Lo sport con i suoi miti: la richiesta sempre più affannosa di risultati da parte di tutti, allenatori che preparano la prestazione, ma non un individuo che la sappia realizzare senza doping, lo sport spettacolo, che è competizione esasperata, essere tutto o non essere niente, il rifiuto di un atleta pensante e la convinzione di doverlo ammaestrare come un purosangue bizzoso. Oppure allenatori che lo rifiutano, ma tentano di stare al passo in altri modi fino a imporre sollecitazioni che l'atleta non può tollerare e a opprimerlo con le stesse pressioni.

Infine, un genitore non appagato, che carica il figlio di tutte le proprie attese deluse e lo prepara, con il ricostituente, il cibo speciale per la prima gara a scuola o le pillole per la memoria, a credere di non potercela mai fare da solo.

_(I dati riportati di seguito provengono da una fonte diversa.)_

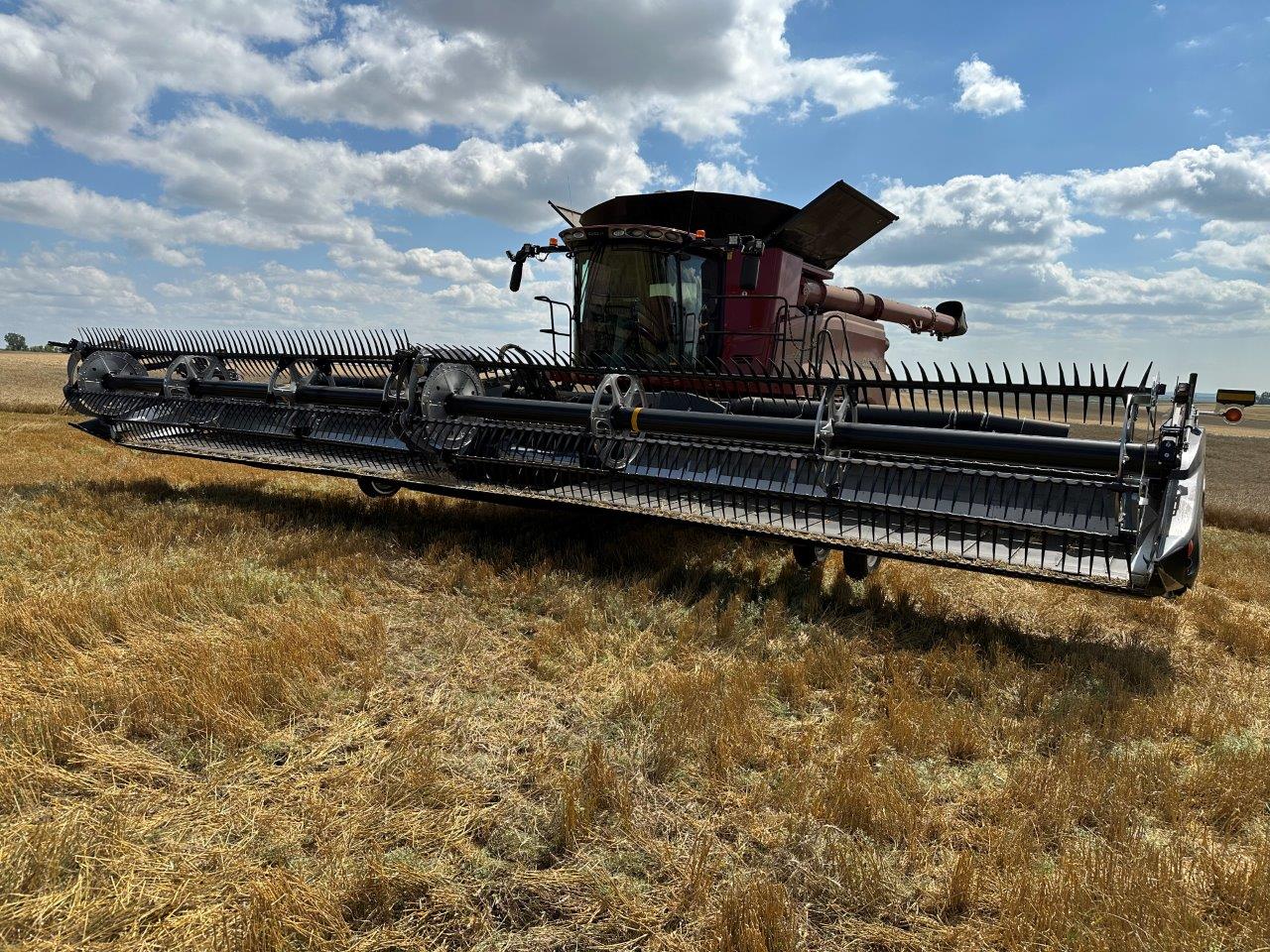 2022 MacDon FD240 Header Combine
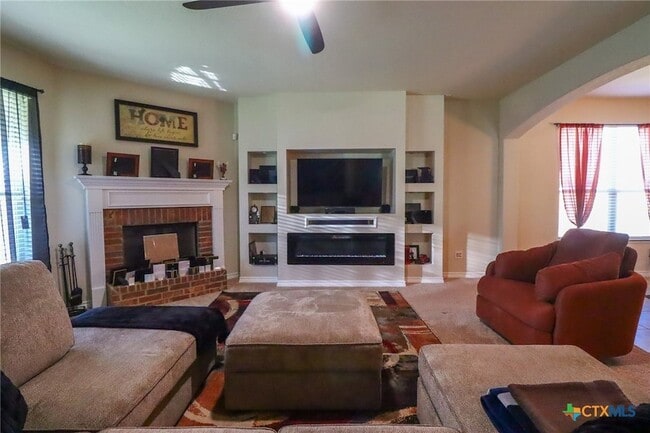 Building Photo - 802 Valentino Dr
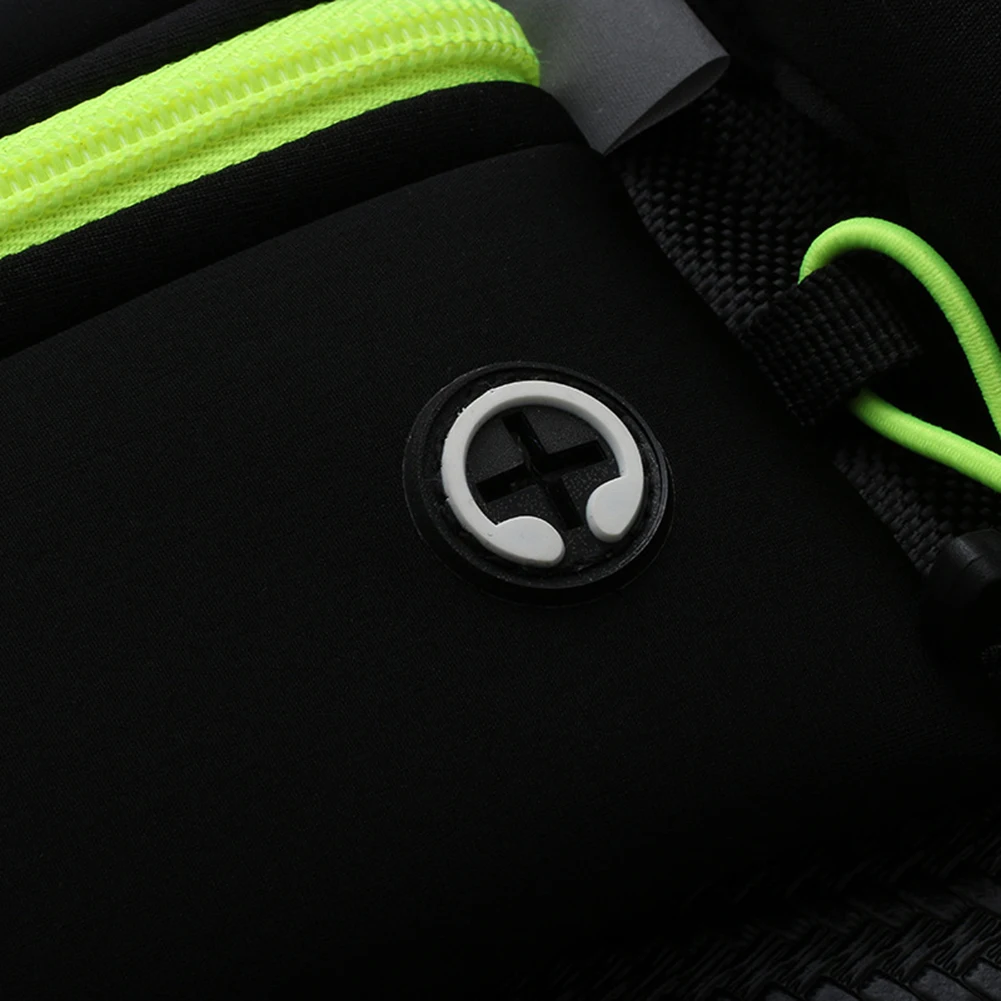 Waist Bag Multiple Pockets Reflective Strip Adjustable Strap For Running Hiking Climbing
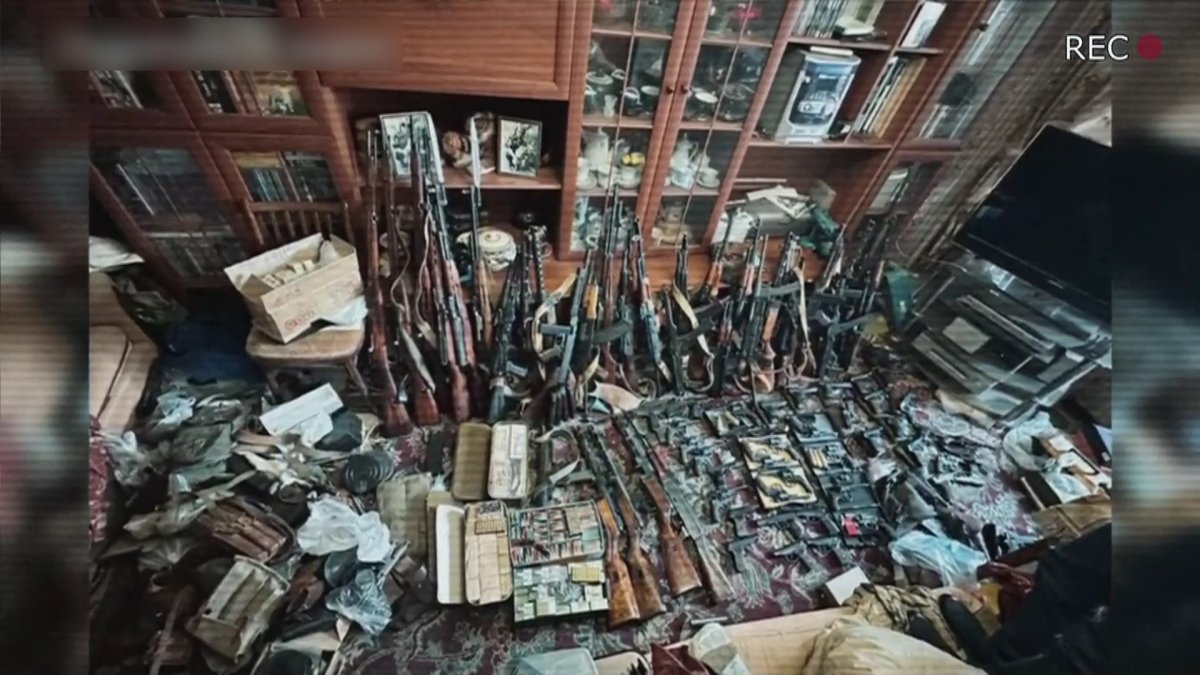 Крупную спецоперацию по задержанию торговцев оружием провели в восьми регионах страны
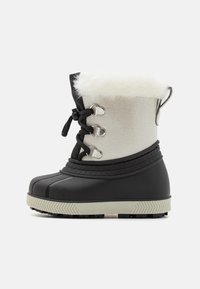 Botas de invierno negras y plateadas con ribete de piel sintética, suela de goma, ojetes de metal y diseño de cordones texturizados. Presenta un patrón de tracción en la suela.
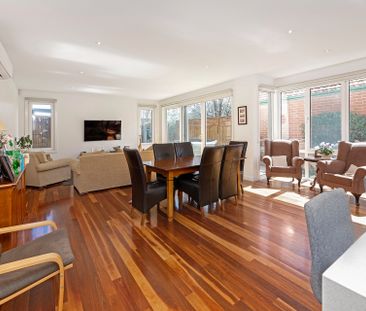 LUXURY LIVING IN HAMPTON - Photo 5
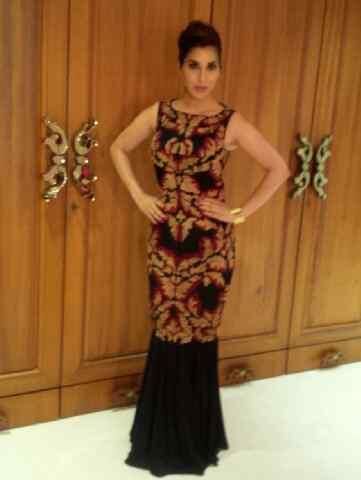 beautiful @Sophie_Choudry rocking #shantanuandnikhil for #helloawards.@HHCGuiltFree @MissMalini @EatTweetBlog :)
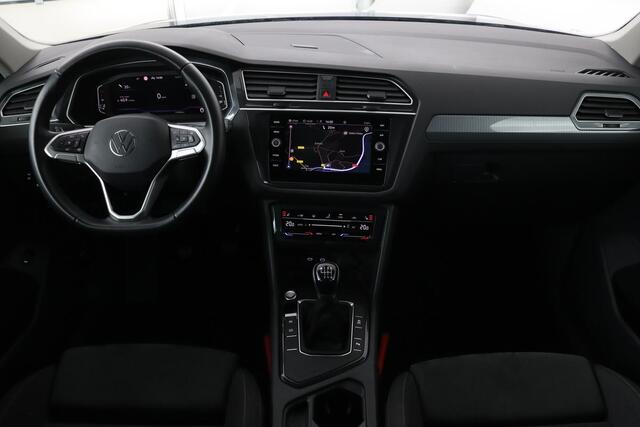 Volkswagen TIGUAN 1.5 TSI Life | Stoelverwarming | Trekhaak | LED Plus | Camera | Massage | Navigatie | Adaptive cruise | Ergo Active | Navigatie | Keyless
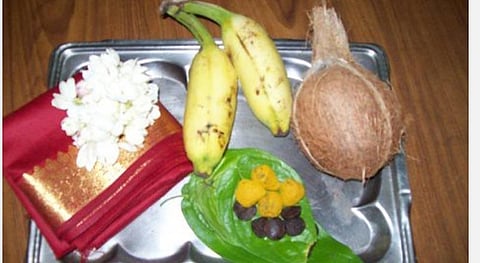 பிரிந்த தம்பதியை ஒன்று சேர்க்கும் கேதார கெளரி நோன்பு! வயது முதிர்ந்த தம்பதிக்கு புடவை வேஷ்டி! 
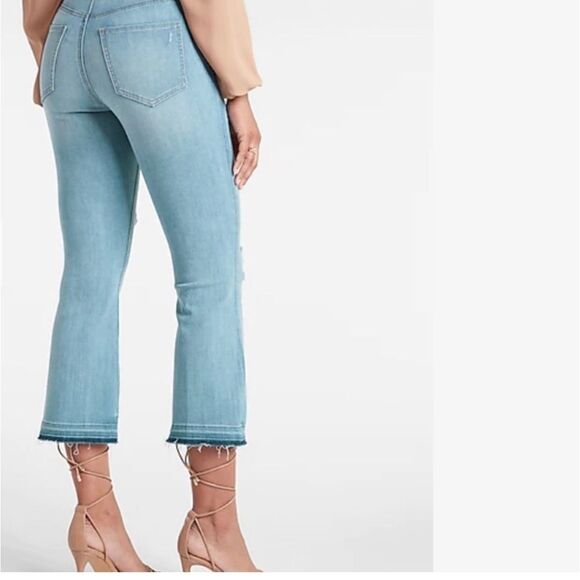 Express High Rise Raw Hem Cropped Flare Ripped Jeans Size S/R (0/2/4) - Picture 2 of 11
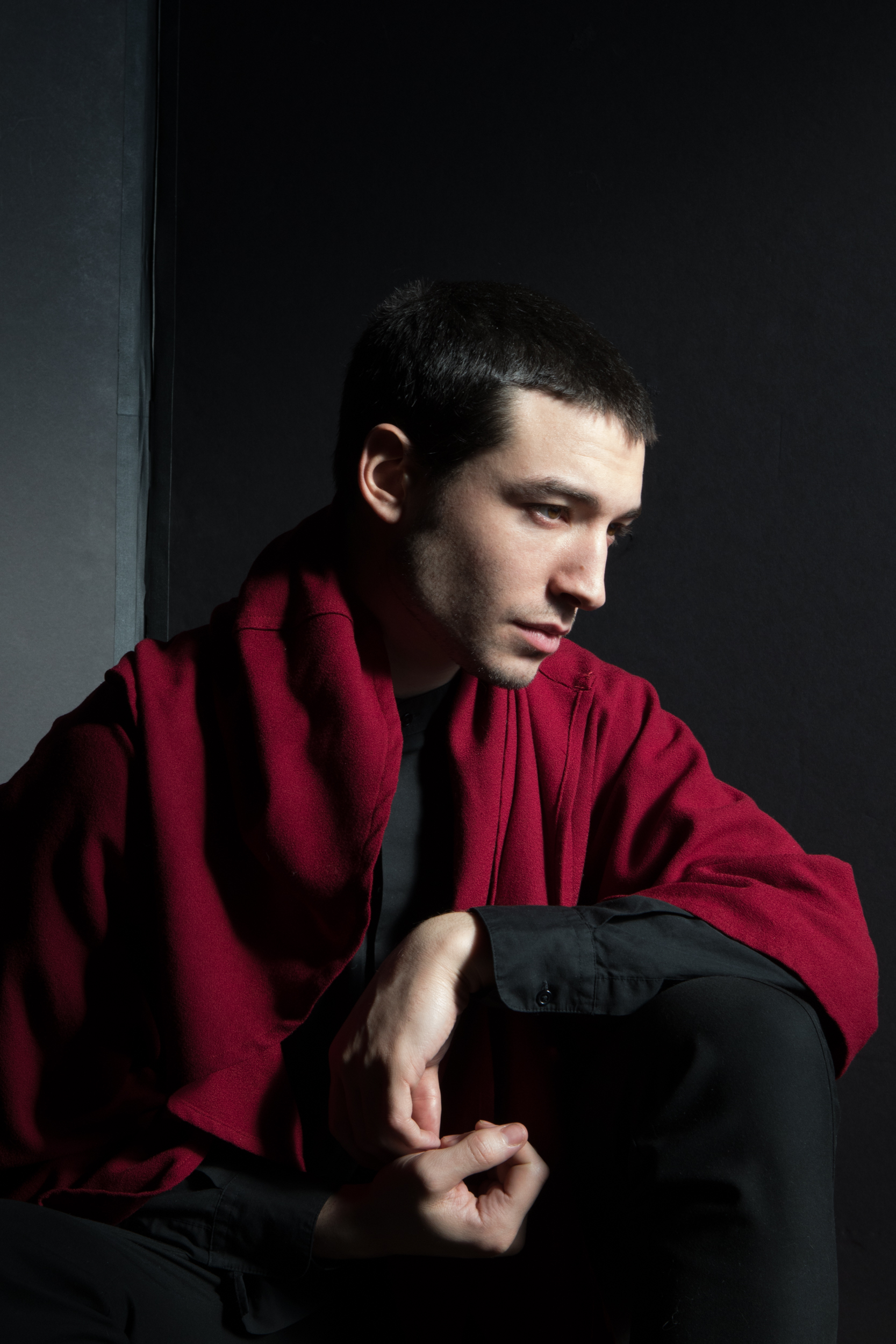 actor Ezra Miller large photo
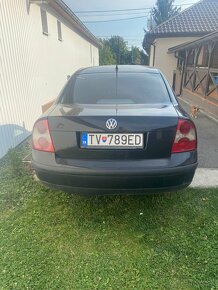 Volkswagen Passat - 4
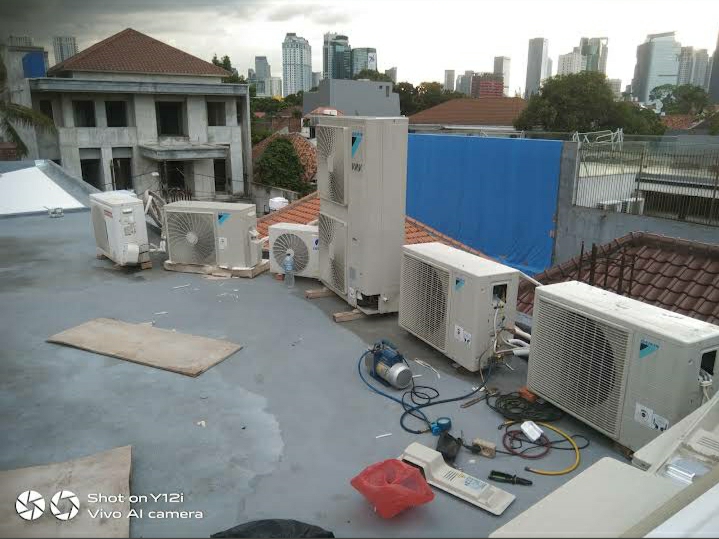 Outdoor AC hampir selesai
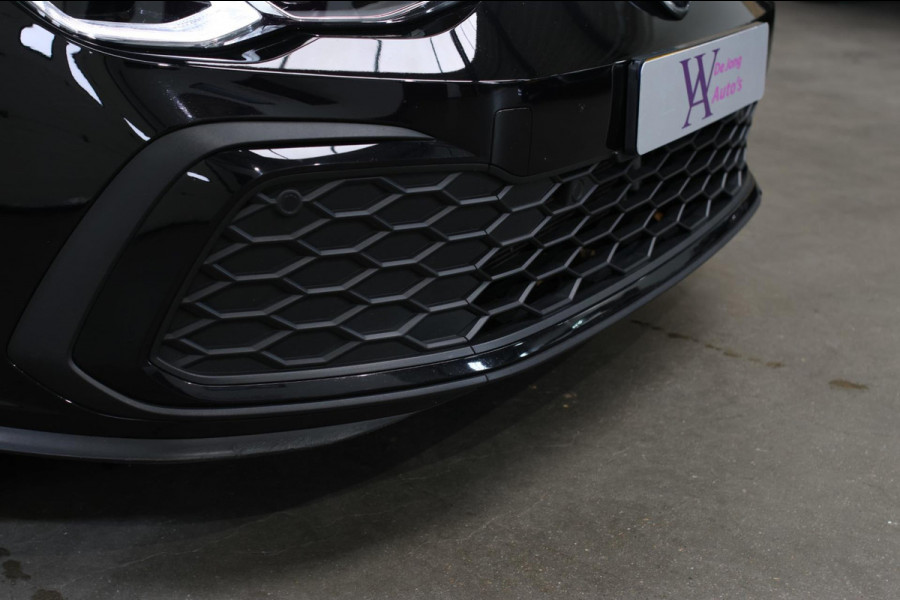 Volkswagen Golf 2.0 TSI GTI *Pano*Camera*Stoel- Stuurverwarming*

Perché il bisogno di doping può diventare inestinguibile? Perché indebolisce le facoltà razionali e crea dipendenza fisica e psicologica: allontana l'individuo da sé e dai suoi mezzi e lo rende più debole e vulnerabile, sempre meno sicuro di trovare dentro di sé ciò che occorre per vincere. Le prime volte è un aiuto, ma rapidamente occupa il posto della sicurezza e diventa indispensabile come i vari riti scaramantici o le "cariche", che alimentano l'insicurezza, ma occupano quello spazio della psiche dell'atleta che, altrimenti, sarebbe invaso dall'angoscia di non sapere a cosa e a chi affidarsi. Perché prima serve per essere scelti, poi per vincere e, infine, per confermarsi o per arrivare dove non arrivano, o non sono ancora arrivati, gli altri. La stessa vittoria non estingue il bisogno, ma lo accentua. Essa, infatti, è inscindibilmente legata alla necessità di una riconferma: al desiderio del successo subentra l'angoscia di perdere la condizione magica di vincitore. L'obiettivo, quindi, non é la vittoria, ma la necessità di una continua verifica di sé e l'urgenza, mai appagata, di superare profondi sentimenti d’inferiorità.